Le point de départ est européen. Après la crise financière, les bilans des banques européennes se sont retrouvés alourdis par des montagnes de prêts non performants (PNP, ou non-performing loans, NPL) : des crédits dont le remboursement est compromis. Ces actifs immobilisent du capital, pèsent sur la rentabilité et limitent la capacité des banques à financer l'économie.
Pour fluidifier la cession de ces créances à des acteurs spécialisés tout en protégeant les emprunteurs, l'Union européenne a adopté la directive (UE) 2021/2167 du 24 novembre 2021 sur les gestionnaires de crédits et les acheteurs de crédits.

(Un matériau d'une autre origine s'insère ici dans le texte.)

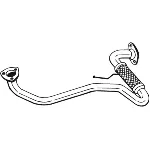 Izduvna cev BOSAL BOS851-131 IC-432620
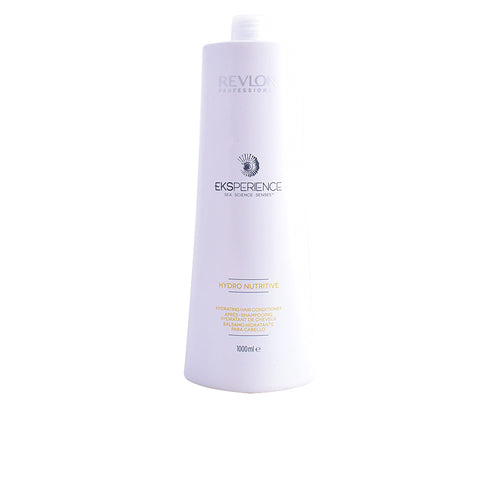 Revlon Eksperience Hydro Nutritive Conditioner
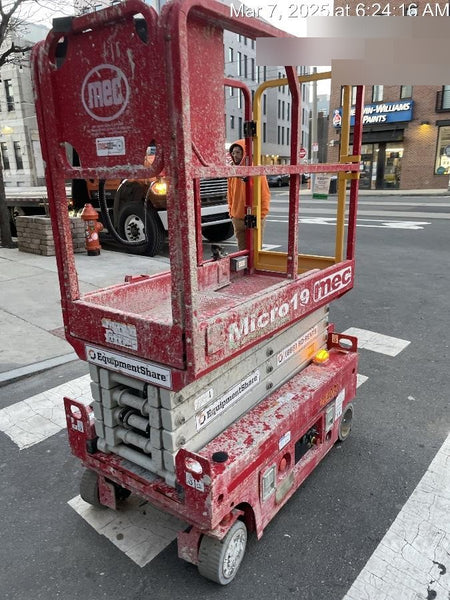 2022 MEC Micro 19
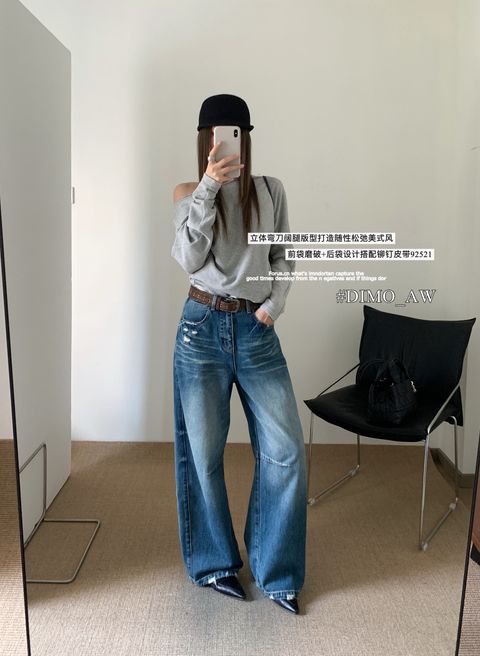 a360084e6a75ec8dd1f5aae9b12b953b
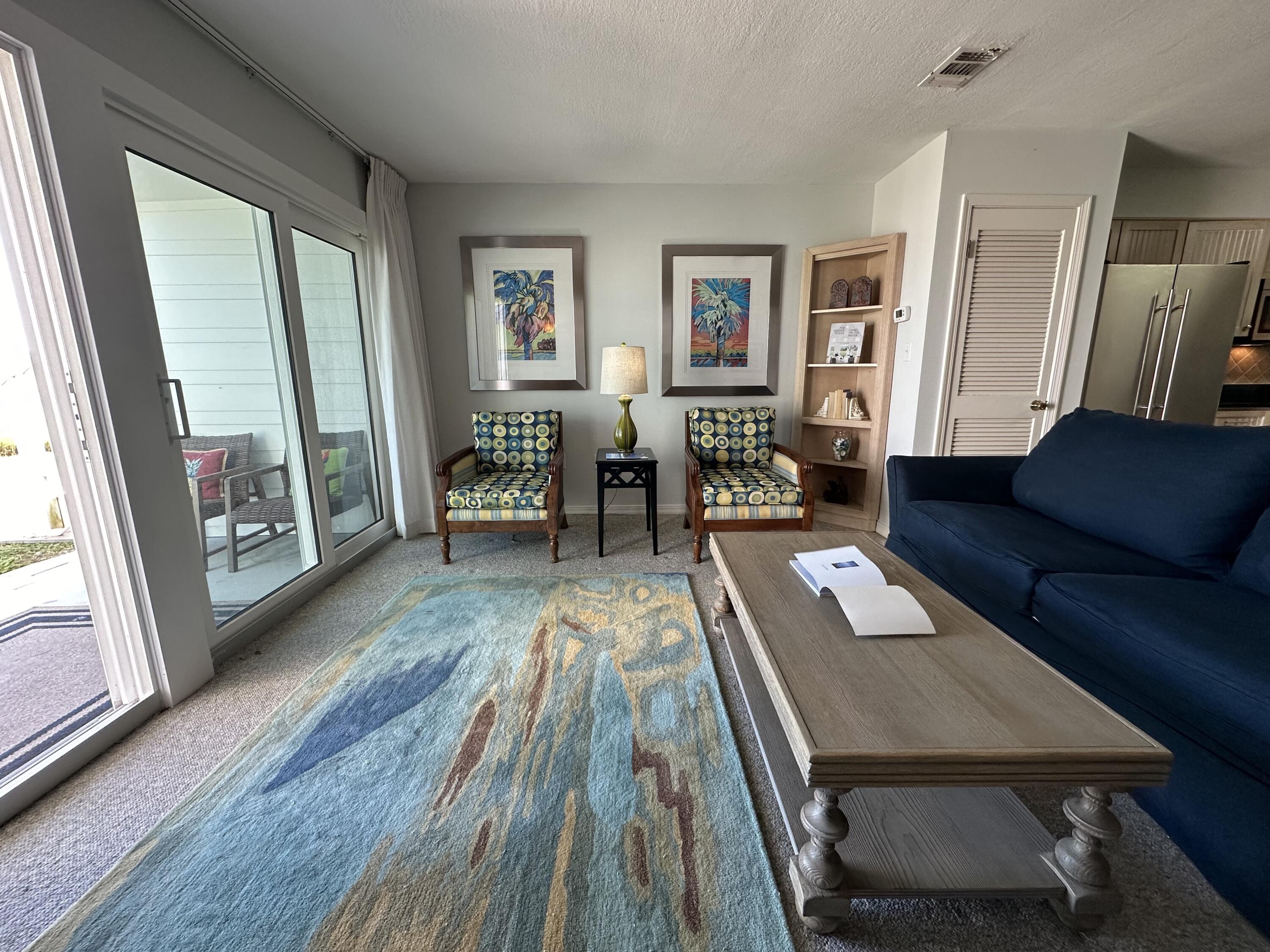 8394 E Co Highway 30A, 4-A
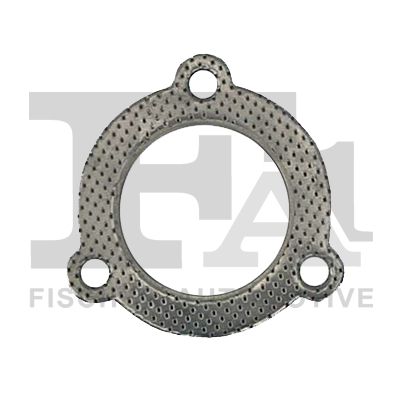 Gasket, exhaust pipe FA1 130-925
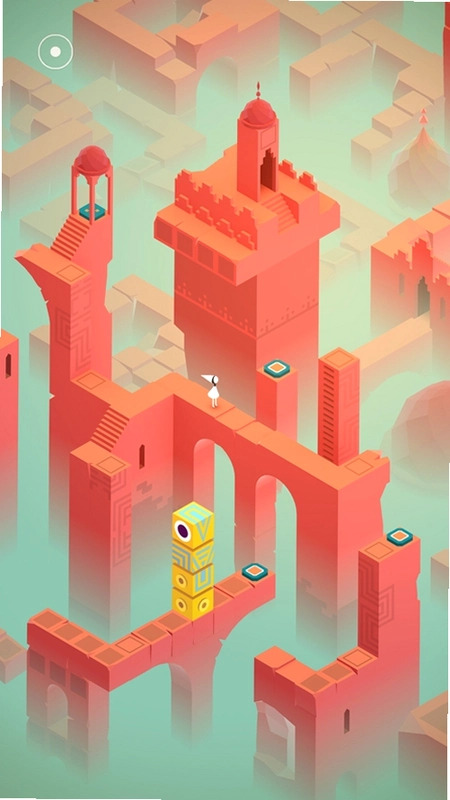 ����Ʒ̽�� Artwork Explorer2026 �ٷ����İ�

La France l'a transposée par l'ordonnance n°2023-1139 du 6 décembre 2023, entrée en vigueur le 30 décembre 2023 et pleinement applicable depuis le 29 juin 2024.
Avant cette réforme, ces acteurs n'étaient encadrés que de façon marginale et indirecte, via les règles du recouvrement amiable et les grands principes du monopole bancaire. Désormais, ils relèvent d'un statut clair, supervisé par l'Autorité de contrôle prudentiel et de résolution (ACPR).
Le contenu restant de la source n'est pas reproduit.